What to work on |
Set down exact lines only, from the line with "5 bedroom house for sale" through the last line of the material below, with every picture left out.

Material provided |
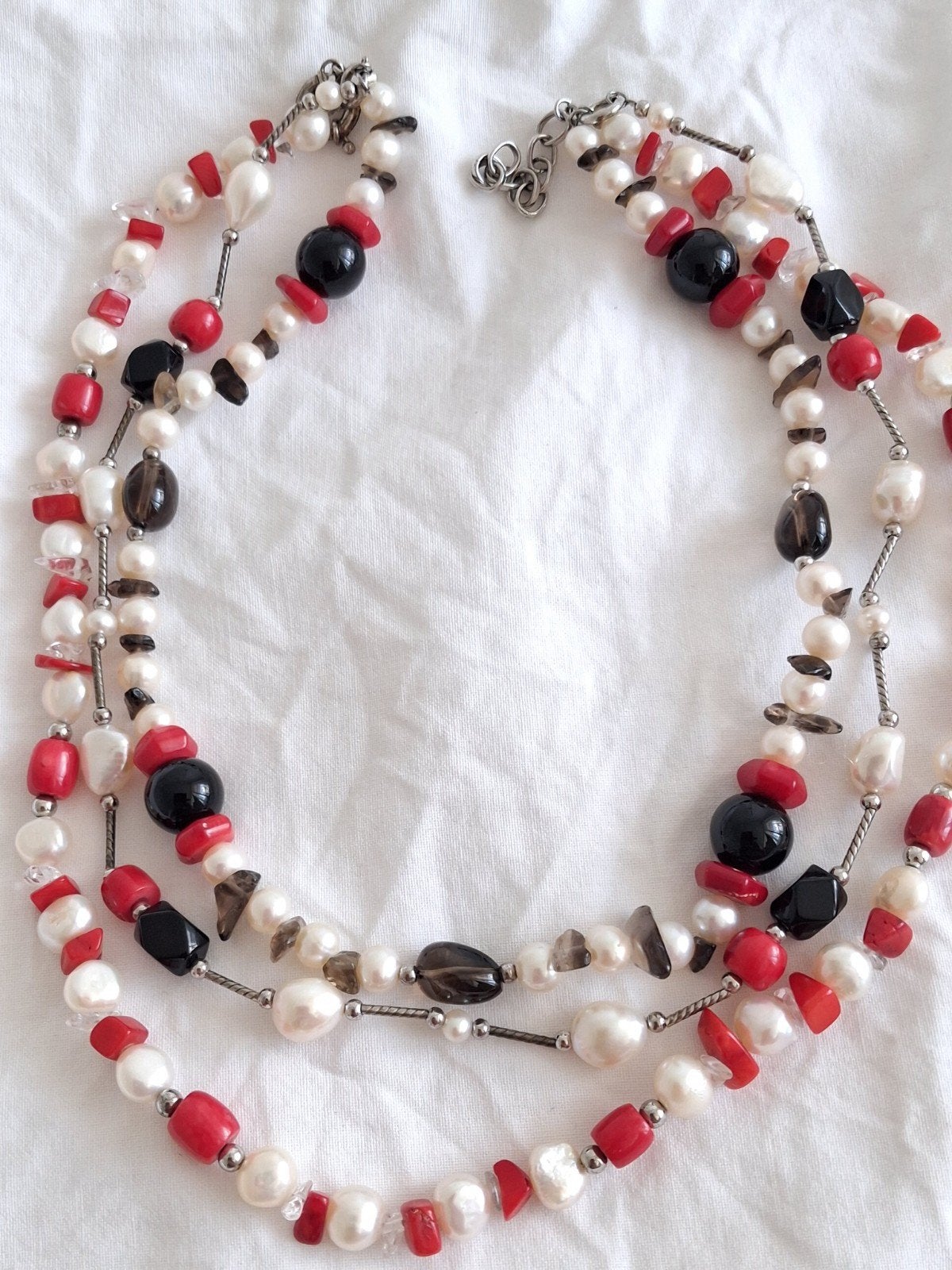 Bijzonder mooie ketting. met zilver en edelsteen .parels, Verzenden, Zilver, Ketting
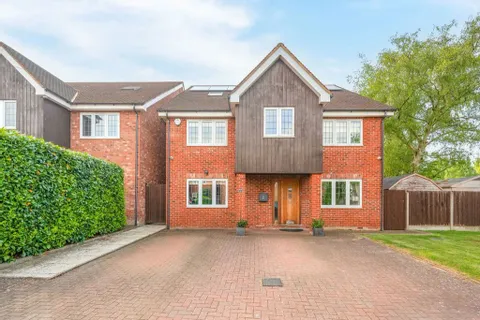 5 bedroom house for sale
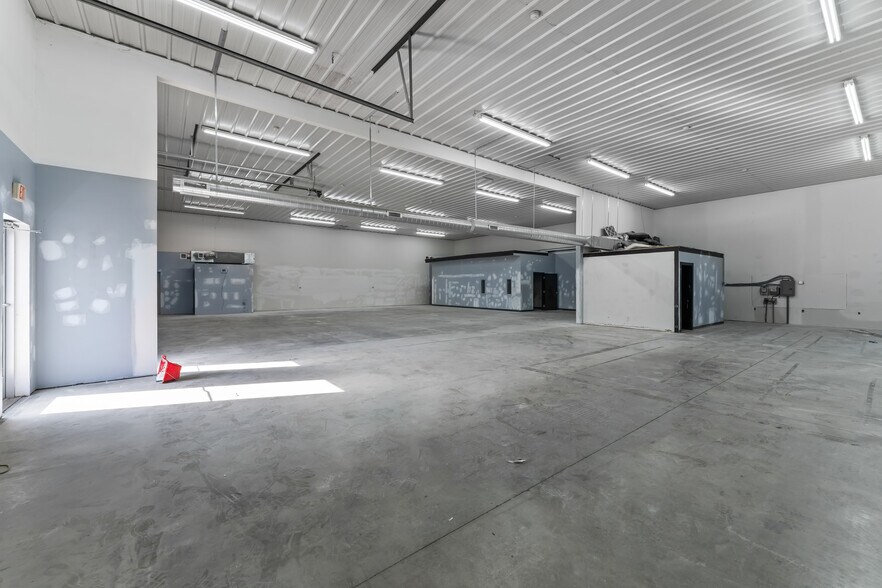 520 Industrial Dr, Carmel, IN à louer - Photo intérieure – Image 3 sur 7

Completed task |
 5 bedroom house for sale
 520 Industrial Dr, Carmel, IN à louer - Photo intérieure – Image 3 sur 7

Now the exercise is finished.